2. In the bowl of a stand mixer fitted with the whisk attachment, whip together the eggs and sugar at a medium-high speed until the mixture is very thick and lightens in colour, about 7 minutes.
3. In a separate mixing bowl, whisk together the oil, sour cream, lemon juice and vanilla. Add the sour cream mixture to the eggs and sugar, and whip until just blended.
4. Sift together the flour and baking powder. Add the sifted ingredients to the batter, mixing until just incorporated, scraping down the sides of the mixing bowl as needed. Do not over mix. If necessary, finish folding in the sifted ingredients by hand.

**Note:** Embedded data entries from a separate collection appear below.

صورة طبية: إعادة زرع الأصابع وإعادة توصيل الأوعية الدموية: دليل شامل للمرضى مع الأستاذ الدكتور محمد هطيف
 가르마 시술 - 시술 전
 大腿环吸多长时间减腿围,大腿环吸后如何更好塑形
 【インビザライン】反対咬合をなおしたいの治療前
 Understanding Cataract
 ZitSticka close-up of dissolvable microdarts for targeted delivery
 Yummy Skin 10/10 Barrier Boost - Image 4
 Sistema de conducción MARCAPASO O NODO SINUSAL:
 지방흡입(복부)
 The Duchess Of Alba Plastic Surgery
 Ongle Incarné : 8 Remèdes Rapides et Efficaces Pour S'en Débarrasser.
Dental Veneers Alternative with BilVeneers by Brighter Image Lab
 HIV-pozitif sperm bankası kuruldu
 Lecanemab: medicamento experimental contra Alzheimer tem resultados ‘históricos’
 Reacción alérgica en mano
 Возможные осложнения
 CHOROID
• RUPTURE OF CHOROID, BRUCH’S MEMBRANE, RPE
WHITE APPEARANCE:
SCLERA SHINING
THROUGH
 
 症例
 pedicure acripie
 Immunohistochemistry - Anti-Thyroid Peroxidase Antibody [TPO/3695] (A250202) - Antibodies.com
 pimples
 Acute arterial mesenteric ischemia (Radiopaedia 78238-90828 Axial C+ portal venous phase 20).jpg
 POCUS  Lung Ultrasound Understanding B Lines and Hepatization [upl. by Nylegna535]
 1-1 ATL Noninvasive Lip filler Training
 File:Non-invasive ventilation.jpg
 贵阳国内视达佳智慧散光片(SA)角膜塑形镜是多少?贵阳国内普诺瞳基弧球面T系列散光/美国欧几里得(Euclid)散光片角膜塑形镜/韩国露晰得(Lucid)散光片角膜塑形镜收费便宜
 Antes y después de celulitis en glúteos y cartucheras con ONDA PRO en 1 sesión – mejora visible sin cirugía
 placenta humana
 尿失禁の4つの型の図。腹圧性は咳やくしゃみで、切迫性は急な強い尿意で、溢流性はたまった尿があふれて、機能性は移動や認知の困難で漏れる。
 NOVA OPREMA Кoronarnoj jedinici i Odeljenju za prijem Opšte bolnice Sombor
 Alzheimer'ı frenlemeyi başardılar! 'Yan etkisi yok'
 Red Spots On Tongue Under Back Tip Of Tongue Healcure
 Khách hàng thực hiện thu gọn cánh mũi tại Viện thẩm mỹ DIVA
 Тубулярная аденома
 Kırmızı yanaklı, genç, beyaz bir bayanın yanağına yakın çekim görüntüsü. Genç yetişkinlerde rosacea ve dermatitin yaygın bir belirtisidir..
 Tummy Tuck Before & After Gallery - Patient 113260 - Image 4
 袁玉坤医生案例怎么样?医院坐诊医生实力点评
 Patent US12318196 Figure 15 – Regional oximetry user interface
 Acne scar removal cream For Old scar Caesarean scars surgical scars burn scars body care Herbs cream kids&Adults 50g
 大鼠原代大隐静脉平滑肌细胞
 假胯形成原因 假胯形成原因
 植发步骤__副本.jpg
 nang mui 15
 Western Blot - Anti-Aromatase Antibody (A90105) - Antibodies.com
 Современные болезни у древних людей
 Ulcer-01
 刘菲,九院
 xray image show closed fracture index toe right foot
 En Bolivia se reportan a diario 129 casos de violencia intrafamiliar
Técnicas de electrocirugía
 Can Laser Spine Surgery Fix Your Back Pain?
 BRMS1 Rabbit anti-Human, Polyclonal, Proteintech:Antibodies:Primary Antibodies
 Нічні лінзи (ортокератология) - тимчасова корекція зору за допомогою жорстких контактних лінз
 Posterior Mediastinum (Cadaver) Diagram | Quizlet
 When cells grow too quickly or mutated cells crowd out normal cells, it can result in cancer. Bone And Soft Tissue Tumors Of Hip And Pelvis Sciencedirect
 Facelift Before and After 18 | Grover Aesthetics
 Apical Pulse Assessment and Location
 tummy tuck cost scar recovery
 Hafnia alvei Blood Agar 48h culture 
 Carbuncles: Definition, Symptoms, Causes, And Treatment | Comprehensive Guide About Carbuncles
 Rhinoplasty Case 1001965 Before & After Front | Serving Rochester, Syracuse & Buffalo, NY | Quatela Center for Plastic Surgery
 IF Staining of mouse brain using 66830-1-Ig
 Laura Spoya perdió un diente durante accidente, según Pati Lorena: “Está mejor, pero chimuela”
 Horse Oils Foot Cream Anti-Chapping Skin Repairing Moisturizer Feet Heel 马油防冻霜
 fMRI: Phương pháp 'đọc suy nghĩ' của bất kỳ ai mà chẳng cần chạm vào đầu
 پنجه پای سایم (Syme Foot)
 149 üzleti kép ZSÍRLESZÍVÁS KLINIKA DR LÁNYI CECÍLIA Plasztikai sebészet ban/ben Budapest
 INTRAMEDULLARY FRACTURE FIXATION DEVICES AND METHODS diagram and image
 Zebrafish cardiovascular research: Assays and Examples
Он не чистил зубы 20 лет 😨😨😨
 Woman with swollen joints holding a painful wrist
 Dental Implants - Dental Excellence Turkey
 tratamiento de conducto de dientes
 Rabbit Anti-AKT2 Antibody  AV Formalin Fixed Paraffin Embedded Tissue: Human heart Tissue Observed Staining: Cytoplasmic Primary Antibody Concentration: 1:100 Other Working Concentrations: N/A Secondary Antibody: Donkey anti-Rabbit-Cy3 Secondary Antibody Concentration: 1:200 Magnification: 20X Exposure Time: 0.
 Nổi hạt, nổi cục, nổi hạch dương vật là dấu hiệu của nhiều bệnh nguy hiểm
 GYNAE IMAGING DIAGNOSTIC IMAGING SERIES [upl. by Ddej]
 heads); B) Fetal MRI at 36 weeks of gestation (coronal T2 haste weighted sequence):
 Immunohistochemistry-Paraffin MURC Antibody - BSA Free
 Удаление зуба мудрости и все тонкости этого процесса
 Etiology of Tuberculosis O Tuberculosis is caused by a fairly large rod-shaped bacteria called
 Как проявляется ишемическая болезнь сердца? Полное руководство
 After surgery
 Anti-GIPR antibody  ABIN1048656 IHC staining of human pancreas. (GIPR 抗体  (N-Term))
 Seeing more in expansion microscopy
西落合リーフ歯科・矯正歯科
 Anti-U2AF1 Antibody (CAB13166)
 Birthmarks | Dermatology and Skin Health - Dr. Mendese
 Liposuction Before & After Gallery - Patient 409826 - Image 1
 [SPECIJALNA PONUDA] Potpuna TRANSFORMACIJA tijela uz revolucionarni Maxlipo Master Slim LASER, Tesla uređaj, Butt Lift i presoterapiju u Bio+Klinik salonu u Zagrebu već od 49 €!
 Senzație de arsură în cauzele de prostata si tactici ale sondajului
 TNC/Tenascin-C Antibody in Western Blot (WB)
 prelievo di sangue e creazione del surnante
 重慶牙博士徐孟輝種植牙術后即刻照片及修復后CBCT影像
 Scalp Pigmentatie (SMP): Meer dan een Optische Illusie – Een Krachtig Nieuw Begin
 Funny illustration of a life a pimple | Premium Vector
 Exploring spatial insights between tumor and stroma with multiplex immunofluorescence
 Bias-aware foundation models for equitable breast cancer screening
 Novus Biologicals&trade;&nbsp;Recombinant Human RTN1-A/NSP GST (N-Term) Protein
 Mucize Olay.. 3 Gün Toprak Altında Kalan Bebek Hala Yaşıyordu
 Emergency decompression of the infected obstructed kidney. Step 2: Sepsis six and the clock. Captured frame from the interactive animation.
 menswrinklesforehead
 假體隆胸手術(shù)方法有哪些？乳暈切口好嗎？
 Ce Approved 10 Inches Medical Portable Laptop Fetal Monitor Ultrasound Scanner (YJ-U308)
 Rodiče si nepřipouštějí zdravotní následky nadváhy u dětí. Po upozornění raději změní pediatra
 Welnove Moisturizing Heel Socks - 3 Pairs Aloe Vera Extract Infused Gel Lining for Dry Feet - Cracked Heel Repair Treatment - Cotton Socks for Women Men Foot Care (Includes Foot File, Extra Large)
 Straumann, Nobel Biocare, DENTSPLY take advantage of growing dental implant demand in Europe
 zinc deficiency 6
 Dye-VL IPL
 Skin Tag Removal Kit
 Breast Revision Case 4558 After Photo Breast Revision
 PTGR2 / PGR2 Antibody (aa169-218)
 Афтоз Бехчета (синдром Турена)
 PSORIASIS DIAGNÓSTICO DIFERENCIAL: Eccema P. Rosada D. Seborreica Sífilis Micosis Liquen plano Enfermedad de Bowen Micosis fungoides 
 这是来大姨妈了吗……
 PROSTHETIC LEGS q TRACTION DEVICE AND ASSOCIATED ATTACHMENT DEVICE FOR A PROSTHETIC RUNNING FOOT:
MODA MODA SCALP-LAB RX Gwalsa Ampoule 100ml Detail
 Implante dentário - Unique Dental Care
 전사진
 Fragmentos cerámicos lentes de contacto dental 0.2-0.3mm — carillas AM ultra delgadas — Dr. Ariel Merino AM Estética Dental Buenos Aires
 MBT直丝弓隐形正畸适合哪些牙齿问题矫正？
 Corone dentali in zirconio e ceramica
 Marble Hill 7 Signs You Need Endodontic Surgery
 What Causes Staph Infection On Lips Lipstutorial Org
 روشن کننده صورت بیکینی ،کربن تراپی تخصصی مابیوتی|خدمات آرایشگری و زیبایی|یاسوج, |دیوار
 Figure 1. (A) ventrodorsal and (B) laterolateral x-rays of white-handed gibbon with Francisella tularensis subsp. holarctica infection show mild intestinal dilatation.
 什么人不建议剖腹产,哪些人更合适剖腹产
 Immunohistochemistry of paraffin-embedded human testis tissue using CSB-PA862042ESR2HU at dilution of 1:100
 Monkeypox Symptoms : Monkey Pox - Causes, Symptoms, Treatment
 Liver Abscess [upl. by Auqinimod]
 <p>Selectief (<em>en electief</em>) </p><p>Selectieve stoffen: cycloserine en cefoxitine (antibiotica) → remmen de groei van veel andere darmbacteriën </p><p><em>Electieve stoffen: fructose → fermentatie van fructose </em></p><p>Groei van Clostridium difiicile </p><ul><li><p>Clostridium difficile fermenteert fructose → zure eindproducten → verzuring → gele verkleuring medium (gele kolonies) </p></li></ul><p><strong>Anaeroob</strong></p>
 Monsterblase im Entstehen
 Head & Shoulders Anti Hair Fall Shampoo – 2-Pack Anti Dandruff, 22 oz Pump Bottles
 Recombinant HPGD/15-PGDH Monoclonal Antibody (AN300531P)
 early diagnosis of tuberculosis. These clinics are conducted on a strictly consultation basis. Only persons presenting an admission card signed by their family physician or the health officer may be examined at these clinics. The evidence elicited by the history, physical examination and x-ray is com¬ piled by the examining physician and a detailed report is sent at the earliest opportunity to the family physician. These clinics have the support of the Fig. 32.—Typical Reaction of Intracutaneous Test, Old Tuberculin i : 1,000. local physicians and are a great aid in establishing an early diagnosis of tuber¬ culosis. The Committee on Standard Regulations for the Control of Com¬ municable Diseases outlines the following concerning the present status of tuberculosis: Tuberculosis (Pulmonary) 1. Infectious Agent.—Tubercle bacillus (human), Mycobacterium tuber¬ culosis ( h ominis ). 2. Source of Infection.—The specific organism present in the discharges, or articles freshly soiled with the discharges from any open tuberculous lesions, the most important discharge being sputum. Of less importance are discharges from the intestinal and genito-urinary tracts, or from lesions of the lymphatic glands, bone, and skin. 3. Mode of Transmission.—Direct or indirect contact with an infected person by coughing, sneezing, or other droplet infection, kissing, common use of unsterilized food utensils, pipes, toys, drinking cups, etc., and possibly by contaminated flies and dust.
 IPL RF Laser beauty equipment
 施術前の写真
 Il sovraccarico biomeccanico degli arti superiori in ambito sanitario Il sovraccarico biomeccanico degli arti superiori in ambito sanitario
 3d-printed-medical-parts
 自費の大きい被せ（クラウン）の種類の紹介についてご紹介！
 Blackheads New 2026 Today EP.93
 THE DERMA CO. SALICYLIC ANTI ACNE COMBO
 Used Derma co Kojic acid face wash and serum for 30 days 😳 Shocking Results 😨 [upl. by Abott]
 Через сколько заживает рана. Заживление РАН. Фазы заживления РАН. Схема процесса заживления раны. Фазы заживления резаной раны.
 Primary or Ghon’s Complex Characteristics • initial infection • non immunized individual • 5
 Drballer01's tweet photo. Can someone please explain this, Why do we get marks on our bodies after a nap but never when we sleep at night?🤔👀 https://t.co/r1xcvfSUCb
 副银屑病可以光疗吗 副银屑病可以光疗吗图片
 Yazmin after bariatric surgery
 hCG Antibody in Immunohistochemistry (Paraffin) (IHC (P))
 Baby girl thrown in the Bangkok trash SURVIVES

5. Pour the batter into the prepared cake pan and place on a rack in the centre of the oven. Bake the cake until golden brown, about 90 minutes. The top of the cake might crack while baking. The cake is done when a knife blade inserted into the centre comes out clean, and when the top of the cake springs back lightly when touched.
6. Remove the cake from the oven and allow to cool completely. Once cooled, remove the cake from the pan and peel the parchment paper from the bottom of the cake. Wrap the cake tightly in plastic wrap until ready to use. This Sour Cream Pound Cake can be stored up to 1 day in the refrigerator or up to 1 week in the freezer.